Provided information »
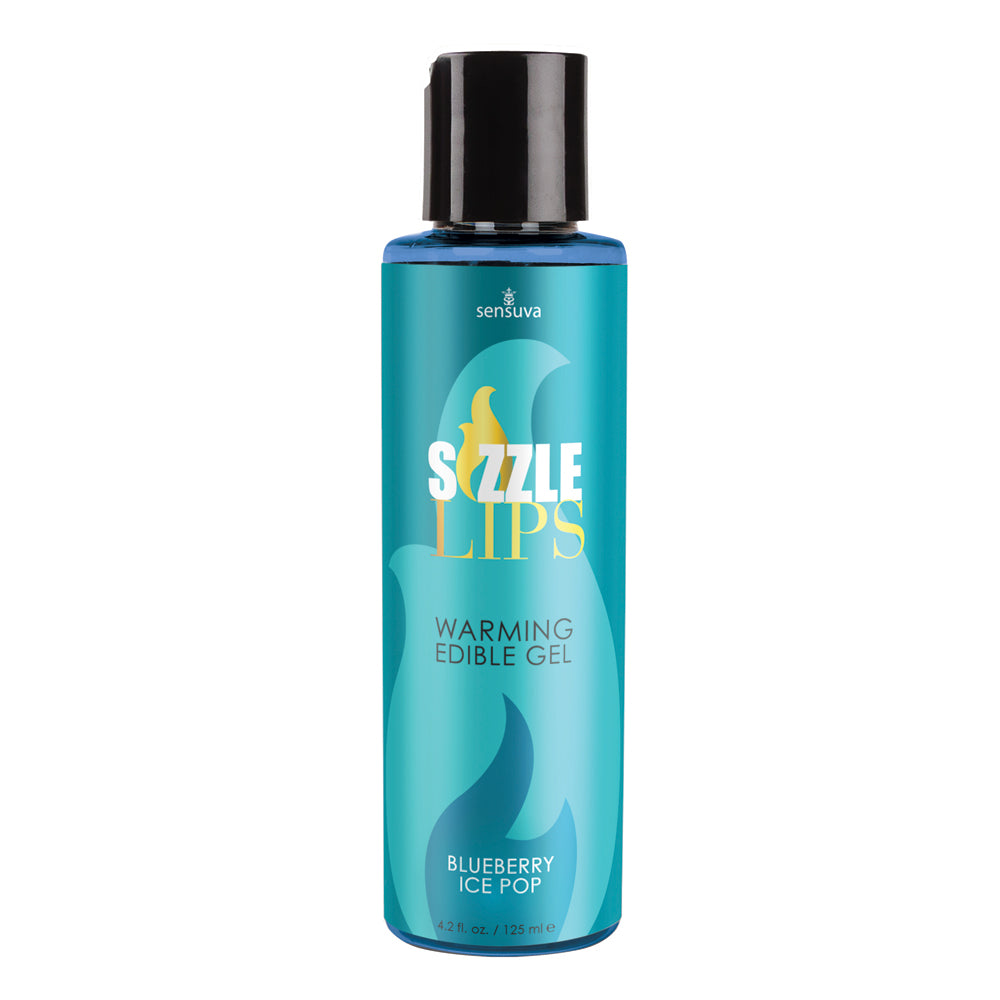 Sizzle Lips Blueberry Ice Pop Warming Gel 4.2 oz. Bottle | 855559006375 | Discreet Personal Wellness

* * *

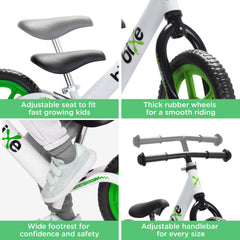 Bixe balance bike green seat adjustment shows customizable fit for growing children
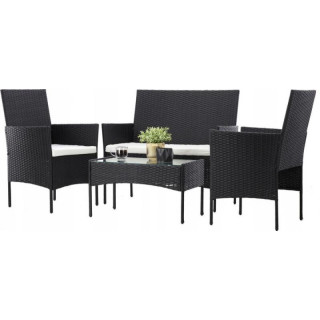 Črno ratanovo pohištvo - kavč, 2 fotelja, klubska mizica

Work task »
Beginning at the line that has "Bixe balance bike" and ending at the line that has "Črno ratanovo pohištvo", restate the listing above word for word, pictures left out.

Result of this exercise »
 Bixe balance bike green seat adjustment shows customizable fit for growing children
 Črno ratanovo pohištvo - kavč, 2 fotelja, klubska mizica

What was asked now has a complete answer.